Just worried if there will be performance inpact on Elasticsearch. There are potentially one million of such serial numbers per year.

Elasticsearch can handle this and indeed much higher event rates; it just depends on how much hardware you need. However, I would note that this data schema is not necessarily enormously less performant because the documents you are indexing are smaller and you have many fewer fields.

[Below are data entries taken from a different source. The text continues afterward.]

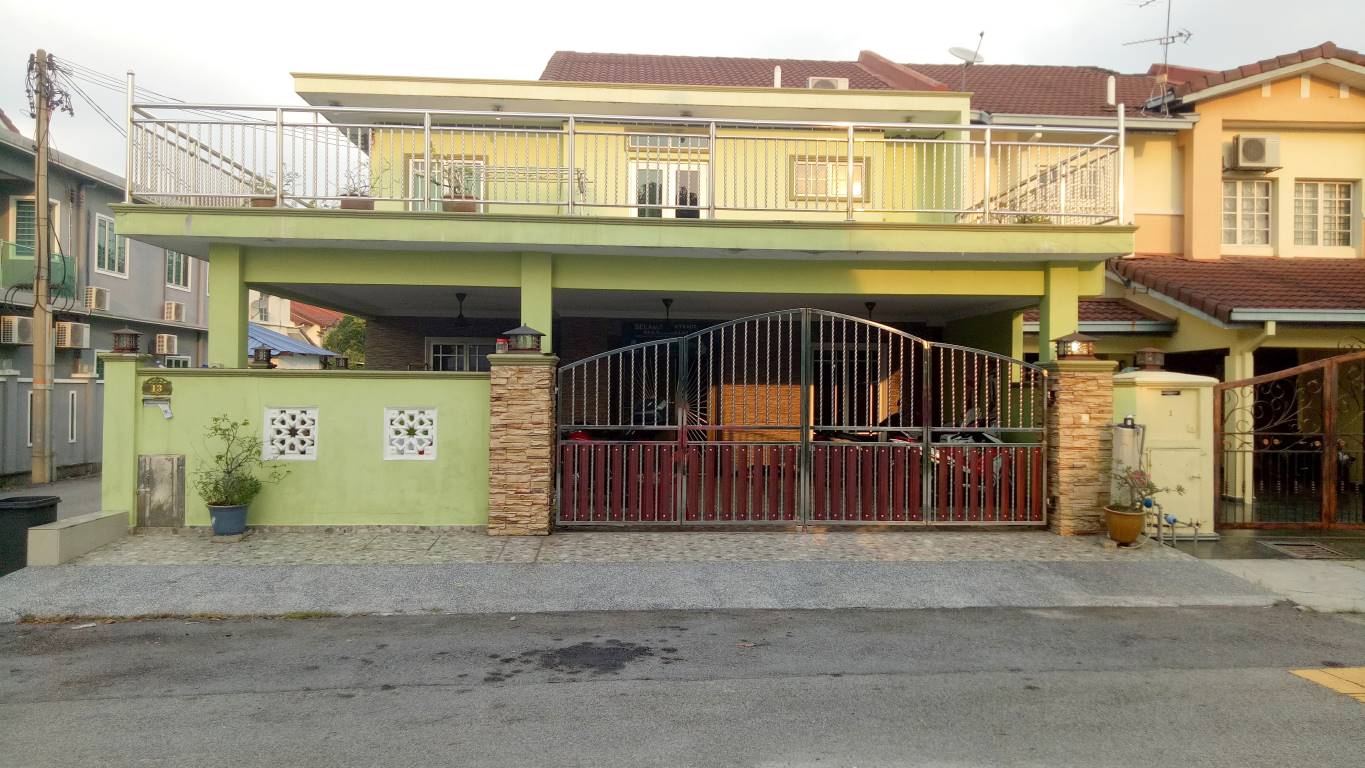 Nicely Renovated Double Storey Bukit Raja Klang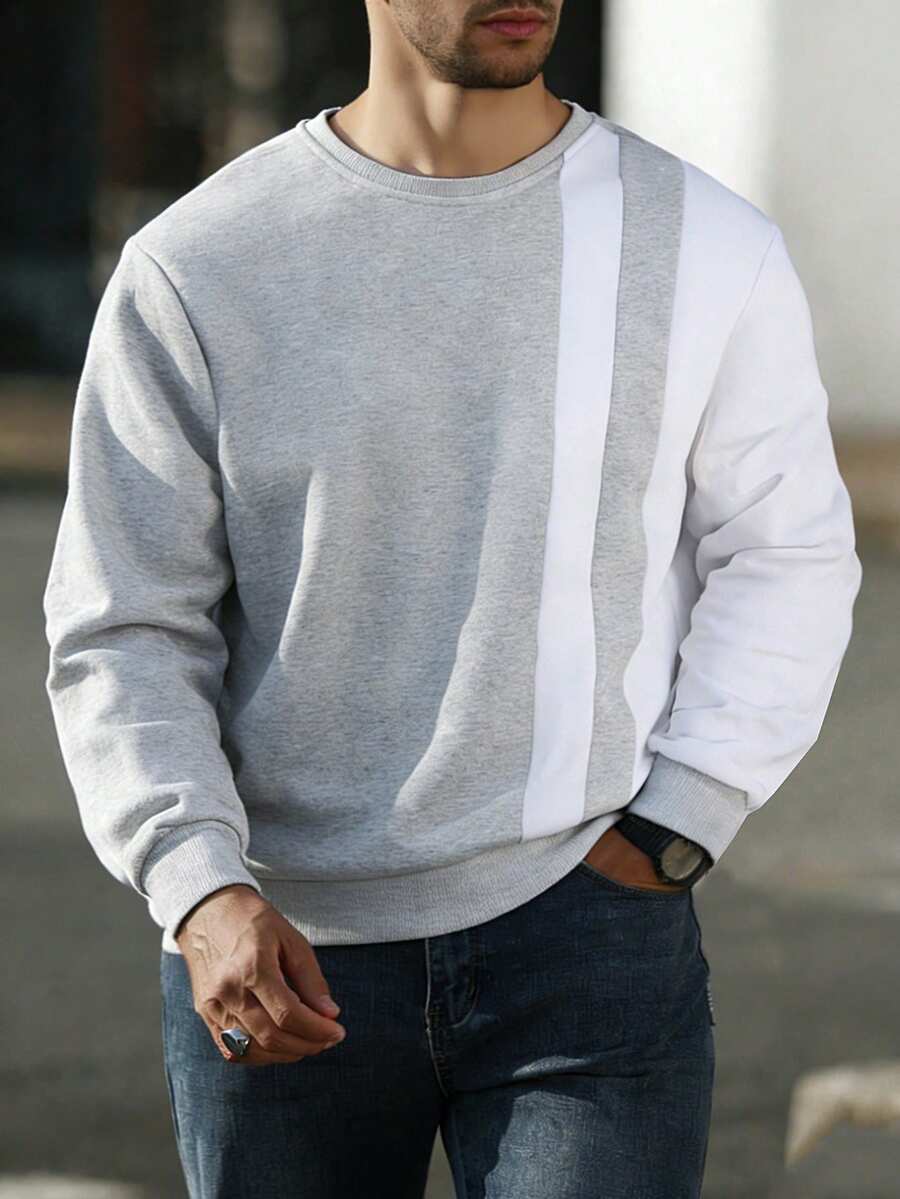 Manfinity Homme بلوزة رياضية كاجوال للرجال كبار الحجم بياقة دائرية وألوان متباينة، خريفية - رمادي فاتح - مشاهدة 1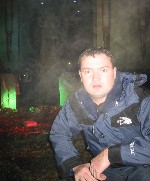 Things get a little creepy even before Neil gets very far inside the park gates...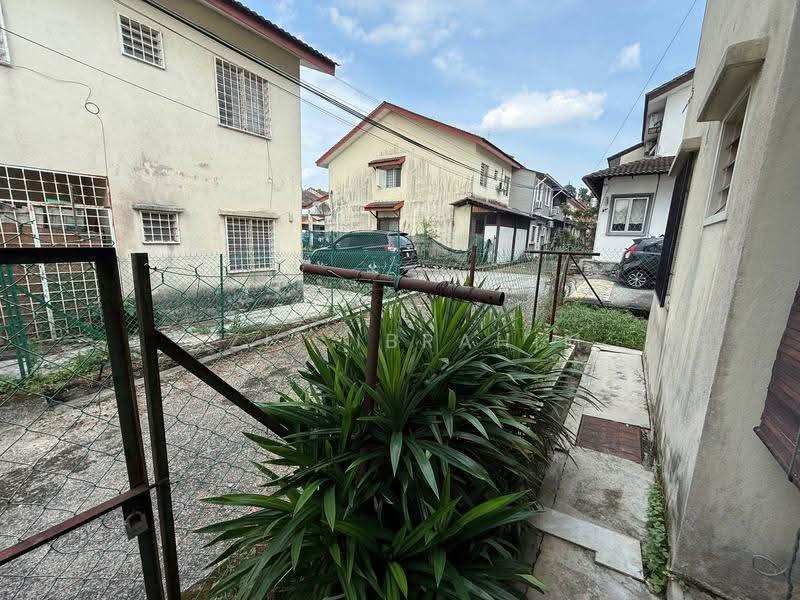 2-storey Terraced House for Sale in Taman Universiti (Bangi) - Azli Ibrahim - Exterior - PropertyGuru.com.my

I thought I would quickly test this on my laptop. Here I was indexing the MiniBooNE data set with around 130000 documents with 51 columns. For indexing in the expanded format I used the Elasticsearch bulk import python helper indexing 100000 documents per batch. For reference, the python I used to do this:

def read_rows(files):
    for file in files:
        print('reading file ...')
        reader = csv.reader(file)
        headers = next(reader, None)
        count = 0
        for row in reader:
            for name, value in zip(headers, row):
                count = count + 1
                if count % 100000 == 0:
                    print('indexed', count, 'documents')
                doc = {'_index': args.index_name, 'name': name, 'value': value}
                yield doc

stream = read_rows(files)
for ok, response in streaming_bulk(es, actions = stream, chunk_size=100000):
    if not ok:
        print(response)

The total time to index the file in the expanded format, around 66 million documents in total, on my laptop is:

real 4m49.646s
user 2m16.950s
sys  0m5.116s

By comparison indexing flat it takes:

real 0m38.126s
user 0m8.204s
sys  0m0.577s

But there is likely overhead from creating the docs in python as well so this isn't a completely fair comparison. Here are the index characteristics:

It may well be that if you disabled the _source field then the expanded version would even be smaller, but as is it is only 60% larger.

Thanks for taking a look at this. I will be going with this way only. I will report back on how it went. Right now struggling with ruby code to bring about the suggested transform in logstash.